In the first half, the Active Cosmetics Division continued to build momentum, with sales increasing by +7.8% like-for-like (+6.6% based on reported figures), driven by the recovery of Vichy and the strong and sustained growth of La Roche-Posay.

  • Vichy is continuing to perform well, particularly in Western Europe and in skincare, with the launch of Idealia BB Cream. La Roche-Posay is once again posting very strong growth in Western Europe and across all the New Markets. 

  • In Western Europe, the Division is growing significantly faster than the market. All the geographic zones are growing, with an outstanding performance in Latin America, driven by Brazil in particular. 

Multi-division summary by geographic zone


The European market is declining slightly, with a negative southern Europe, and the rest of Europe remaining more or less stable. Against this background, L'Oréal recorded growth of +1.7% like-for-like, and +1.6% based on reported figures, thanks to substantial market share gains by the Consumer Products and Active Cosmetics Divisions. Germany, France and the countries of northern Europe are all contributing to growth; Spain and Portugal are gradually recovering. L'Oréal Paris, Garnier, Lancôme, Kiehl's, Vichy and La Roche-Posay are all making strong progress.

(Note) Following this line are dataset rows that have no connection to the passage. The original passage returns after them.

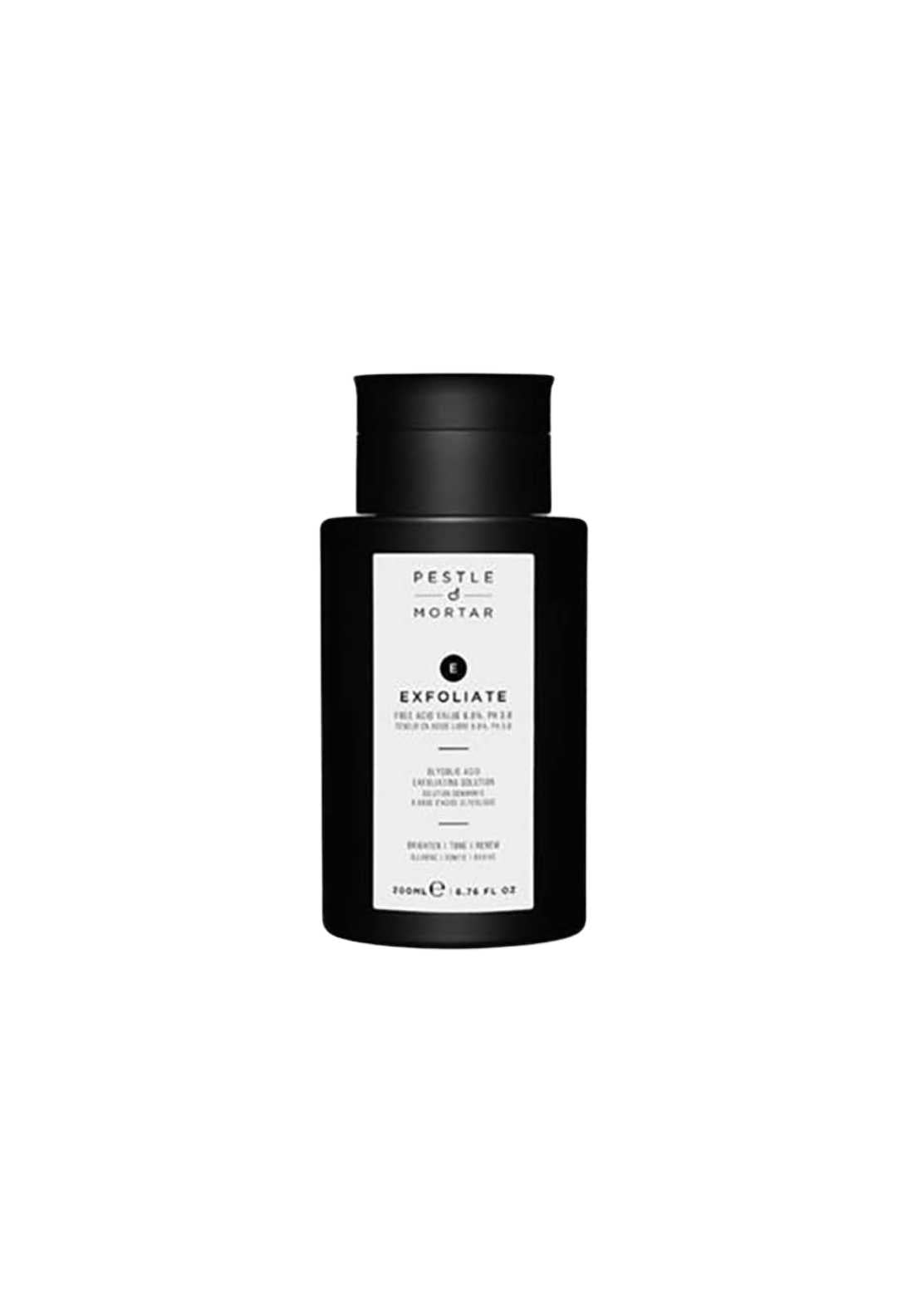 Pestle & Mortar Exfoliate Toner 1 Shaws Department Stores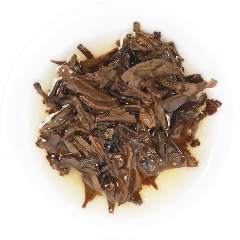 中茶年份茶 二十五年陈 普洱茶(生茶)紧压茶 中茶年份茶 二十五年陈 普洱茶(生茶)紧压茶
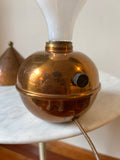 Ruth Gerth “Glow Lamp” Chase Copper & Brass 1931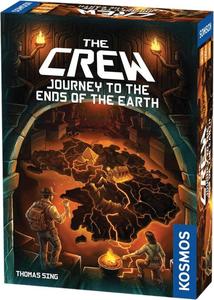 Board And Table Top Games: The Crew 3 - Journey to the Ends of the Earth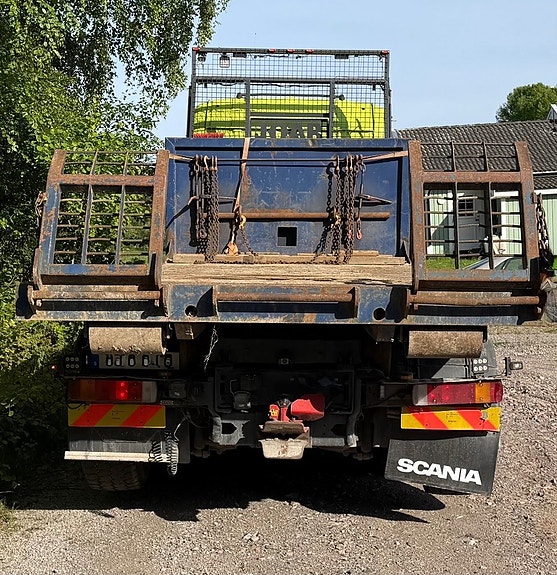 Scania R 480 LB 4 of 21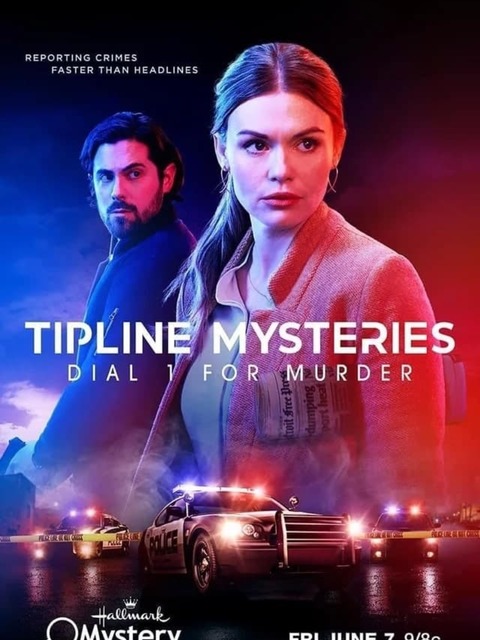 Tipline Mysteries: Dial 1 for Murder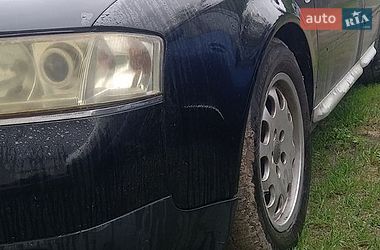 Универсал Audi A6 2000 в Киеве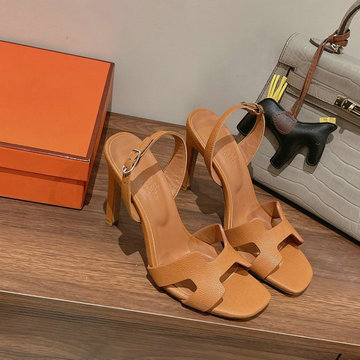 エルメス HERMES 26-HEJ22014GSZ　2022年最新入荷 ハイヒールサンダル ピンヒール サマーサンダル カジュアルシューズ レディースシューズ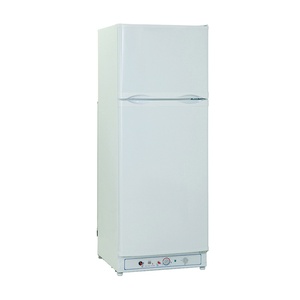 Refrigerador de Absorción de Gas de Doble Puerta Reversible con Refrigerante R717 de 225L para DDG-225B1 - Product Image 3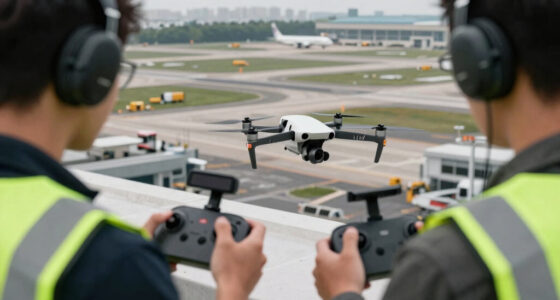 Possible Collision Between JetBlue Jet And Drone At JFK Airport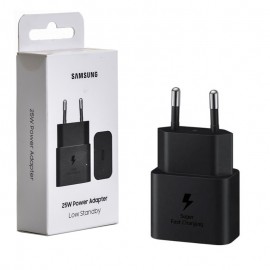 کلگی شارژر 25 وات سامسونگ (Samsung) مدل EP-T2510 گارانتی هیسکا سرویس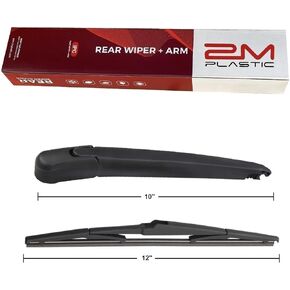 Rear Wiper Arm Blade Factory OEM Style Replacement For MAZDA 5 2006-2013
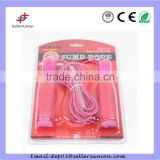 FD150918-11 Jump Rope With Weights Speed Aerobic Exercise Jump Rope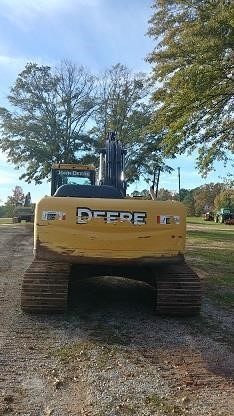 Excavadoras Hidraulicas Deere 200D de medio uso en venta Ref.: 1574294987940207 No. 4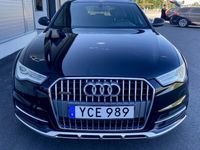 begagnad Audi A6 Allroad Quattro 3.0 TDI V6 218HK 2016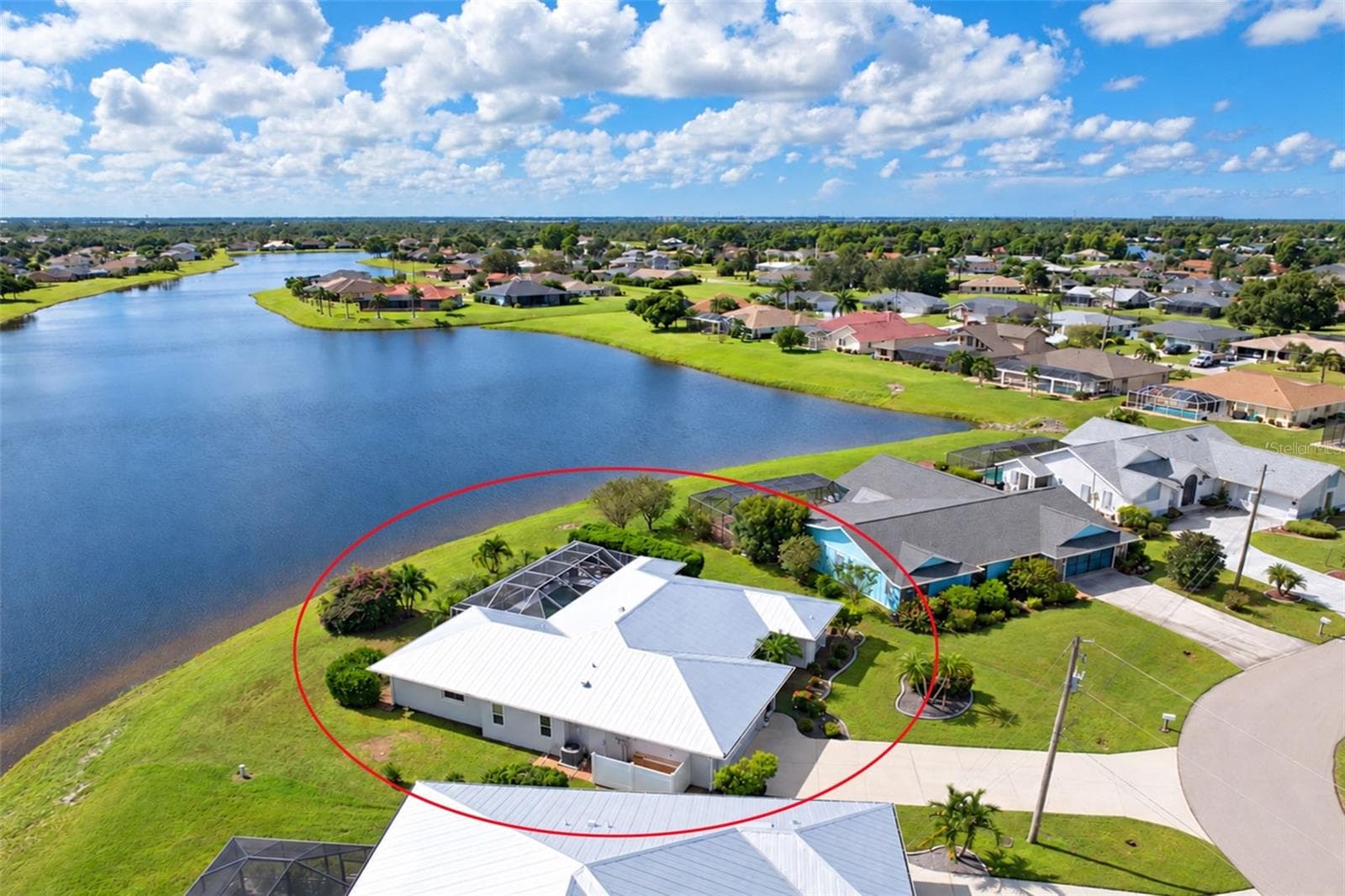 Single Family Residence at 26361 LANCER LN, PUNTA GORDA, photo 9 of 69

North America achieved growth of +5.4% like-for-like and +6.7% based on reported figures. Group sales are increasing nearly twice as fast as the market. In an American market that is growing slightly slower than in 2012, the Consumer Products Division is making strategic breakthroughs with L'Oréal Paris Advanced Haircare, Olia hair colourant by Garnier, and the ramp-up of Essie. At L'Oréal Luxe, Urban Decay and Kiehl's are expanding strongly, and the new men's fragrance Red by Ralph Lauren is making a good start. The Active Cosmetics Division is continuing to expand, thanks to the opening of new sales outlets and the continuing success of SkinCeuticals.


  • Asia, Pacific: L'Oréal recorded growth of +8.0% like-for-like and +5.1% based on reported figures. If Japan is excluded, like-for-like growth reached +9.2%. The contrasting trends in this zone are continuing, with a negative market trend in South Korea, while in China, India and the ASEAN countries, the market remains favourable. 
    The Group is strengthening its positions, thanks in particular to the strong performance of L'Oréal Paris in the Consumer Products Division, and Lancôme, Yves Saint Laurent and Kiehl's at L'Oréal Luxe. Yves Saint Laurent has been launched in China. Amongst the countries, Indonesia, India and China in particular are contributing to the strong performance in this zone.

  • Latin America: Latin America recorded growth of +13.5% like-for-like and +9.6% based on reported figures. Each Division is performing well and gaining market shares. Brazil is returning to strong growth, thanks to the solid performance of the Consumer Products Division, in haircare with Elvive by L'Oréal Paris, in hair colourants with Casting Crème Gloss and the acceleration in the roll-out of Maybelline
    The Active Cosmetics Division is continuing to grow faster than the market. The Professional Products Division is accelerating, thanks to the launch in Brazil of Serie Expert Absolut Control and Matrix Biolage Repair Inside.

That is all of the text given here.